TASK BRIEF: In the listing below, locate the lines bearing the word "Hilton". Copy every one of them.

_____

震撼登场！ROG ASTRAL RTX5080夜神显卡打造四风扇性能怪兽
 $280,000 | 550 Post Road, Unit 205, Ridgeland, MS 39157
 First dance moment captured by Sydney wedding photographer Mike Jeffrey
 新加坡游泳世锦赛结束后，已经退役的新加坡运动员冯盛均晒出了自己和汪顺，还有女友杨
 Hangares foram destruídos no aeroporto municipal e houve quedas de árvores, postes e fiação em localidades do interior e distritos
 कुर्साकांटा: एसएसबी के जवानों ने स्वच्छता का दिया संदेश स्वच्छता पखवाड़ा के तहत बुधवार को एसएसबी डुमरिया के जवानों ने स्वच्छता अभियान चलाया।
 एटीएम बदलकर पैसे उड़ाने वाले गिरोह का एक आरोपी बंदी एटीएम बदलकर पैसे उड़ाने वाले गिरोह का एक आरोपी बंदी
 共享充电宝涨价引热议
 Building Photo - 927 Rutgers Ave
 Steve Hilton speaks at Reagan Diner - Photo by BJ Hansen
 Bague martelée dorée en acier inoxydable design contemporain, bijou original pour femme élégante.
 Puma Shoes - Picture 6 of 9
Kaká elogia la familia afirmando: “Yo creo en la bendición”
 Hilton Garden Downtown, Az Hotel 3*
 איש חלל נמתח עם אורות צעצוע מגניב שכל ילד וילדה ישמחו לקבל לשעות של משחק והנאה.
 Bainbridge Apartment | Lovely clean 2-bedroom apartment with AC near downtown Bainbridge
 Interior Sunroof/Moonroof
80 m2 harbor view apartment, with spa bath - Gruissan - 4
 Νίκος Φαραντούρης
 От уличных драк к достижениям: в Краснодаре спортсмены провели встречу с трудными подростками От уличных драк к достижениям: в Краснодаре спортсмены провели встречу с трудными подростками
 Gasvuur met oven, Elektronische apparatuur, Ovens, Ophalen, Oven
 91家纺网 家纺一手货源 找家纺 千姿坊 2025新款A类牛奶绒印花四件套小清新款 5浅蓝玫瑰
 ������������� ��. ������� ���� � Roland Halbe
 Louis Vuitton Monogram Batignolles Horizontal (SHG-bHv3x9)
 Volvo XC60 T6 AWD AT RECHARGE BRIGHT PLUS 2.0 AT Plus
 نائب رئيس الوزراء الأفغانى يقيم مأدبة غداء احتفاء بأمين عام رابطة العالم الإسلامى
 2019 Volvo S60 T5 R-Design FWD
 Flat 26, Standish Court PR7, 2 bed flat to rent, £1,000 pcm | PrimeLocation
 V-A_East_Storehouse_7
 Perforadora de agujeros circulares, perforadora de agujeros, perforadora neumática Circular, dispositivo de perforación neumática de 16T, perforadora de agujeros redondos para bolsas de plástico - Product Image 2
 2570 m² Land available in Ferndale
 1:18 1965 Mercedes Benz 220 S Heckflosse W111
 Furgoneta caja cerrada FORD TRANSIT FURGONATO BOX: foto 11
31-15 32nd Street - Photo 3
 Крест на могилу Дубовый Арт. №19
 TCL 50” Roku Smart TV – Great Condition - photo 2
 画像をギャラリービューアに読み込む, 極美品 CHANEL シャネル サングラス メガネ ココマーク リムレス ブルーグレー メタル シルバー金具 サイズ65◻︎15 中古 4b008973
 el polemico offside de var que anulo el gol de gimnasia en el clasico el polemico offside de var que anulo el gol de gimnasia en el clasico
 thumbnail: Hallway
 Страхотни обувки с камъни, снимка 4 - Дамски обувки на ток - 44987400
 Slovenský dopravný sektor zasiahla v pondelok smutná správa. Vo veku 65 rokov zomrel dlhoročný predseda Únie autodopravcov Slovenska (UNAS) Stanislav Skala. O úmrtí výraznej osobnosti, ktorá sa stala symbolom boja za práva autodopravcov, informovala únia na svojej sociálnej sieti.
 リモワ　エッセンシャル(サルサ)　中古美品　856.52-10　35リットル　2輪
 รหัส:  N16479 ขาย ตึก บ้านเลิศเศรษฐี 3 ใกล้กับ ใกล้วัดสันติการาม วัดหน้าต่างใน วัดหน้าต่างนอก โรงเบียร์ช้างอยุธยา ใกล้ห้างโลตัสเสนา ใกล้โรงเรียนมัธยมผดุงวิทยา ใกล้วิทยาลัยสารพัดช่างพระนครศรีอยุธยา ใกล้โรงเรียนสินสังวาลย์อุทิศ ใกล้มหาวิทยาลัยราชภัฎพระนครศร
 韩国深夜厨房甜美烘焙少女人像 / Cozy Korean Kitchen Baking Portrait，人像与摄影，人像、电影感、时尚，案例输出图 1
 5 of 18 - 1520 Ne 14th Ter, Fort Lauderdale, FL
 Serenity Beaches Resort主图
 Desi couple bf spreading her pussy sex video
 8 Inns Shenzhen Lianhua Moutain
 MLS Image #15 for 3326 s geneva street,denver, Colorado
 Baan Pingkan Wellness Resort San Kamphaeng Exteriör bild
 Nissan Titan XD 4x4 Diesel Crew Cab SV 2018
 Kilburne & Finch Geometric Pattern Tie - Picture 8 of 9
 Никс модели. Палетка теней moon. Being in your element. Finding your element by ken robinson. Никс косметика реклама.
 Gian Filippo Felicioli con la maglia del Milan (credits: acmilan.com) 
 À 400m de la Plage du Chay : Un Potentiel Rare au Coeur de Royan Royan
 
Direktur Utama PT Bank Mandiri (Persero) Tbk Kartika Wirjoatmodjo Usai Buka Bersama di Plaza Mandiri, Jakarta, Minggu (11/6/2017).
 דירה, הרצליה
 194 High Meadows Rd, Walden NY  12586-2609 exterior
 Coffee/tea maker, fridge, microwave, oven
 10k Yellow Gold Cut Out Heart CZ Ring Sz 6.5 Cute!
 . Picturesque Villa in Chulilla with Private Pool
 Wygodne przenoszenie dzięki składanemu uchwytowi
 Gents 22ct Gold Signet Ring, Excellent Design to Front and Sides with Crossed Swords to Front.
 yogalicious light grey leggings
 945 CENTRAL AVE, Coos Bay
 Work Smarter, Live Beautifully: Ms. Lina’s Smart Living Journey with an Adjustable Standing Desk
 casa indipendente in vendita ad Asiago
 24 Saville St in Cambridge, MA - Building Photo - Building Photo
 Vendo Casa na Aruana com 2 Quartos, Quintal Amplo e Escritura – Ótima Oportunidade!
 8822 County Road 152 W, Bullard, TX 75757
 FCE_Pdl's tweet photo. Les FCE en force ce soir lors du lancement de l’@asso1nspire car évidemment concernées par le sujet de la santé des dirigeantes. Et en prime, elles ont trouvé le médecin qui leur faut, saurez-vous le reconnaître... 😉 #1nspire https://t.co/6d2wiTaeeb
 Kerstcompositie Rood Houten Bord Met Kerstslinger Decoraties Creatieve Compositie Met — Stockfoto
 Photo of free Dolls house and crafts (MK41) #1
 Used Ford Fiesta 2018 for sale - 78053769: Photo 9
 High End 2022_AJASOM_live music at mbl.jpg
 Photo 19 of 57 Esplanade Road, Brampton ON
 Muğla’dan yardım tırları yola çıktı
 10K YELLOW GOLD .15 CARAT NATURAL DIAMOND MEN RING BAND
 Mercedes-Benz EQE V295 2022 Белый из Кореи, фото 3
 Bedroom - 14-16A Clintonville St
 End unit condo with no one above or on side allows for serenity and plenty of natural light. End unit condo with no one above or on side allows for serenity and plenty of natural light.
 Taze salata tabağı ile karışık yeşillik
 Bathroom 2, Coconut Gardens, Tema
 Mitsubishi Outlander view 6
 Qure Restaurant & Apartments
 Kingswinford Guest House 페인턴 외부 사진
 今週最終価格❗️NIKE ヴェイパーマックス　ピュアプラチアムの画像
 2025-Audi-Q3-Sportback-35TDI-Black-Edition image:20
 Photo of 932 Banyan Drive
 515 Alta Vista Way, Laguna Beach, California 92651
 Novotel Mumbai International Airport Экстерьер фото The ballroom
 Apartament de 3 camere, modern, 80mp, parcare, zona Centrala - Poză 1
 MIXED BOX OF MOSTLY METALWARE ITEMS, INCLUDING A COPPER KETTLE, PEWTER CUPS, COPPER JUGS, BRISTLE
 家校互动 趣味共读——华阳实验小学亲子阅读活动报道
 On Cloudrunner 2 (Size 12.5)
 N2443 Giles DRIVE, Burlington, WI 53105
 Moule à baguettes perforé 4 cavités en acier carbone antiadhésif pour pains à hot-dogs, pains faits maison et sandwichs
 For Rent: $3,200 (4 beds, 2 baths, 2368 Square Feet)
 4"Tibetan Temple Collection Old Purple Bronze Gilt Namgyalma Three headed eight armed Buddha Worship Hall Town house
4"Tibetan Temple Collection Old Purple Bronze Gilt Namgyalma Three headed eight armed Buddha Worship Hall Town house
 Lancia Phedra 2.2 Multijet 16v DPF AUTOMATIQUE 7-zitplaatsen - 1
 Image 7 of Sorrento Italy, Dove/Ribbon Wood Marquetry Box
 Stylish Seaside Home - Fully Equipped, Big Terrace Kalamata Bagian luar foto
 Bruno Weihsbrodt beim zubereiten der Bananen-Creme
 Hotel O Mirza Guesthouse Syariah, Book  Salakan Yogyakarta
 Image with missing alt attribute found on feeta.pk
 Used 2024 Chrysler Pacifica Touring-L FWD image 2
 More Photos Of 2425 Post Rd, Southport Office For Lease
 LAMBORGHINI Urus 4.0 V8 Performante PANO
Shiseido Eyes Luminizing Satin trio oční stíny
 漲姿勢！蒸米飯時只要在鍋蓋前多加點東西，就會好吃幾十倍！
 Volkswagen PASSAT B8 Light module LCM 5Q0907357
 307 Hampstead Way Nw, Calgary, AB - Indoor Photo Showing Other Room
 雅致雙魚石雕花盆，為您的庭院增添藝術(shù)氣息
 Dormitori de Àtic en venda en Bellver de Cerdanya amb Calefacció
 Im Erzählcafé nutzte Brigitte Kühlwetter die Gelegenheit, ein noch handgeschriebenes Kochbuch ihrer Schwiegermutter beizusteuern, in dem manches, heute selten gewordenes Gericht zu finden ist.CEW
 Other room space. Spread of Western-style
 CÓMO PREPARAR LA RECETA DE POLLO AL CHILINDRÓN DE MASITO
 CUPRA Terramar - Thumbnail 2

_____

OUTPUT FOR THIS EXERCISE:
 Steve Hilton speaks at Reagan Diner - Photo by BJ Hansen
 Hilton Garden Downtown, Az Hotel 3*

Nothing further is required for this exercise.